We are wired to learn more. From pre-school to grad school, we are trained to reach higher, dig deeper and get smarter and smarter until we become experts in our fields.
We are told that the journey is one of ascension — that pushing ourselves to mine gorgeous details and surrounding ourselves with like-minded peers is the intellectual Grail.
Such is the case within the discipline of social media, especially among the auteurs of Twitter for whom the Next Big Thing is already old news. They teach, they learn and they share, but they often look too far ahead and use the online echo chamber as the benchmark for broad change and adoption.
They – and I am guilty of this more often than I care to admit – believe they are in the lead and the “others” need to follow. They think the world thinks like they think, or at least should.
Don’t get me wrong — this is not arrogance. It’s not even ignorance.
The problem is distance.
Social media and communications people in general are so linked that they have become detached. In reaching higher they have grown further away from the very public they claim to understand so well.

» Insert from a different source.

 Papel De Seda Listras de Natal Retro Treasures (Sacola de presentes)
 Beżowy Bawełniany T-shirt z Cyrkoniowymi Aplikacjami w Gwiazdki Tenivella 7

Studies and surveys don’t help. If anything they foster this culture of distance, of segmenting those who “get it” from those who still (G-d forbid) watch television news, have AOL addresses or own a Motorola Razr phone.
The solution is simple: Stop reaching higher and, every so often, start over.
Every few months when I’m back in the Midwest, I make it a priority to visit a Wal-Mart. I go up to people and ask if they are on Twitter or Facebook. I ask how they get their news and if they’ve ever “liked” a brand or checked-in on Foursquare.
The answers are eye opening and refreshing. These are good people, smart people – but for them, there is no “social media,” no PR or marketing. They just want companies to be honest, news to be unbiased and privacy to be protected and respected.
These are the people we need to talk to (or “engage” with as the buzzword goes.) We need to stay close to them so we can learn. We need to connect with them so we can grow stronger as a culture. We need to close the distance before it becomes too severe.
The more grounded you are, the higher you can go.